SHARING AND CARING: Evangelist Kevin 'Mad Dog' Mudford, with wife Dee, travels across Australia to share his story and help others.
SHARING AND CARING: Evangelist Kevin 'Mad Dog' Mudford, with wife Dee, travels across Australia to share his story and help others. Matt Taylor GLA130219EVAN

'Mad Dog' spreading his message one town at a time

BILLY Graham, Franklin Graham, Benny Hinn, "Mad Dog".

He's an unlikely evangelist but Kevin "Mad Dog" Mudford has been on a decades-long mission hoping to change the lives of people suffering due to alcohol and drug abuse.

The son of a World War II veteran, Mr Mudford grew up in a broken home in Napier, New Zealand - a tough start that shaped the first decades of his life.

"No hugs, no love, no nothing," he said. "It destroyed the family because of his stuff. I'm not knocking him though because that was a result of where he came from.

"They say your first teachers in life are your mum and dad ... alcohol came into the family and if the grog wasn't brought in I wouldn't have went down the road I did."

Mr Mudford began drinking at 13 years of age and was in a youth detention centre at 15.

"Seven New Zealand prisons I ended up in from 15 through to 20, 21," he said.

When he got out he returned to his old ways and eventually spent time in dozens of mental health institutions.

"I went looking for a mental illness I never had," Mr Mudford said. "It was a safe environment. I was in jail but not out there in the big cruel world.

"It was time to boot me out when they found I had no issues up top.

"There was nowhere to go and I had no answers. It never occurred to me if I stopped drinking my life could change."
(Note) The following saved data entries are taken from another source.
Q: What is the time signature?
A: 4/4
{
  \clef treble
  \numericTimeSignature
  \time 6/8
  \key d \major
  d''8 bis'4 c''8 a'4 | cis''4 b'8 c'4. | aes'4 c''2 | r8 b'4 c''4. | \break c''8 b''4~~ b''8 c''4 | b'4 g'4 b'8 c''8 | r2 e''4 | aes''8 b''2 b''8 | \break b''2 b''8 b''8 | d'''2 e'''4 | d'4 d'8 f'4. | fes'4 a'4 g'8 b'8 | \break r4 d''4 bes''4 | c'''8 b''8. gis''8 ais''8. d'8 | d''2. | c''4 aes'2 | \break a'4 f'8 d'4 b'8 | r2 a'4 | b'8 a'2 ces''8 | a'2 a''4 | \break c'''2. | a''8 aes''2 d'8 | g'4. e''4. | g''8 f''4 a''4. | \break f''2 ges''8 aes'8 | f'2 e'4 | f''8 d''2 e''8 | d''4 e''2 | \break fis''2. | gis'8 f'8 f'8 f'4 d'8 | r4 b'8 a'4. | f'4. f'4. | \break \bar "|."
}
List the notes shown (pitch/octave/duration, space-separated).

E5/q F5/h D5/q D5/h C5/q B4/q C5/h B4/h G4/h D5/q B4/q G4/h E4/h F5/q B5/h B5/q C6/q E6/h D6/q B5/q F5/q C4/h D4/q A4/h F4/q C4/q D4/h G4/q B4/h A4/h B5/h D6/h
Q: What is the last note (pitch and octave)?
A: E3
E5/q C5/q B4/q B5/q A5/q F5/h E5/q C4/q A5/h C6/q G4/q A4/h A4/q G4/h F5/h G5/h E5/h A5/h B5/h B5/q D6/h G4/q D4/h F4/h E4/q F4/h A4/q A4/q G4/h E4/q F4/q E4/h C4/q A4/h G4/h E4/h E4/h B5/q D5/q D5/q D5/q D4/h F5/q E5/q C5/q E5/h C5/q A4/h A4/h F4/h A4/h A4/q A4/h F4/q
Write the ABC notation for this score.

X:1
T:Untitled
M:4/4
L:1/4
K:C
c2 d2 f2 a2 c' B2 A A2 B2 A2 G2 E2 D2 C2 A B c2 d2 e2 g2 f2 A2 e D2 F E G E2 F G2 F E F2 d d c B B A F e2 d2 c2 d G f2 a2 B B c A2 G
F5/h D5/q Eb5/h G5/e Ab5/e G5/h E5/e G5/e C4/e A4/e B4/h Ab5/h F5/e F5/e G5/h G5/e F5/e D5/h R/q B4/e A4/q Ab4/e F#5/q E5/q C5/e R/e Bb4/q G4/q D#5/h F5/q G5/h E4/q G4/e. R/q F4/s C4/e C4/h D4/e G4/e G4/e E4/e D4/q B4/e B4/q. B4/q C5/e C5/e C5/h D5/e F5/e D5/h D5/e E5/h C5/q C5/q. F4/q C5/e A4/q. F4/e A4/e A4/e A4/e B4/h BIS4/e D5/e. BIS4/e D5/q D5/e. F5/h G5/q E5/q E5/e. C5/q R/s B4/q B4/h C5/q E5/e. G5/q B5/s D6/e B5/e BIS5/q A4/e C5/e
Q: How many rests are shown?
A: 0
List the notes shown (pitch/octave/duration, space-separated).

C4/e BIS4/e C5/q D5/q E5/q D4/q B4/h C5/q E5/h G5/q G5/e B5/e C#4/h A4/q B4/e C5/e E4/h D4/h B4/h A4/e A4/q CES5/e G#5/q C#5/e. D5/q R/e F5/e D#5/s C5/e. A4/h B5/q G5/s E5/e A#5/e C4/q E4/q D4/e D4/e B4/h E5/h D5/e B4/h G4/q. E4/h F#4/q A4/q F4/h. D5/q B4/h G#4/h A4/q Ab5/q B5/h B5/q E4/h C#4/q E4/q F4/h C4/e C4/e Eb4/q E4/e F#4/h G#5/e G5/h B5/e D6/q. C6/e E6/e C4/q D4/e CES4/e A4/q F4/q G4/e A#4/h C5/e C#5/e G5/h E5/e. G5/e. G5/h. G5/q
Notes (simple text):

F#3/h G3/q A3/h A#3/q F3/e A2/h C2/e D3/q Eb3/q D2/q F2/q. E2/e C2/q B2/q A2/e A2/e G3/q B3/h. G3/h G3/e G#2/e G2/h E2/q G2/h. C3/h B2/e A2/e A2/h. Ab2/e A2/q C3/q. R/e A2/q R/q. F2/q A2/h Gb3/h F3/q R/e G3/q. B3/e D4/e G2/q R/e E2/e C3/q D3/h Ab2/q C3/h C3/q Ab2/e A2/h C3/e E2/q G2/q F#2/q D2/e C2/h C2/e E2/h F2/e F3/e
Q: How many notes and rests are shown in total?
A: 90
Kevin "Mad Dog” Mudford can often be seen carrying a cross on long journey's across Australia. Contributed

It wasn't until someone called Kevin an alcoholic that the penny dropped for him.

"I thought about those words - alcoholic, alcoholic - but I was too young to be one," he said.

"My idea of an alcoholic was some old guy at the park with the raincoat, tennis shoes and brown paper bag."

Mr Mudford's older brother, Michael, had followed a similar path but had gone to church and was converted into a lay minister.

"I went down to visit him (in 1981) and he was just on fire for the Lord," Mr Mudford said.

"I looked up to him and that really helped me. I gave my life to Jesus Christ... Billy Graham style.

"I'm a fighter and want to have a go at something. I said to myself I'd give up the drink for a week. The bonuses came in straight away - I had money in my pocket."

Mr Mudford has been sober for almost 38 years and has been touring Australia for 25 years.

"I'm not a pastor - a pastor stays in town and works with the flock. An evangelist goes from place to place going to where the needs are," he said.

'Mad Dog' talks

  • Tonight 6.30pm
  • Sunday 9.30am
  • Both sessions at Carinity Education (803 Glenlyon Rd).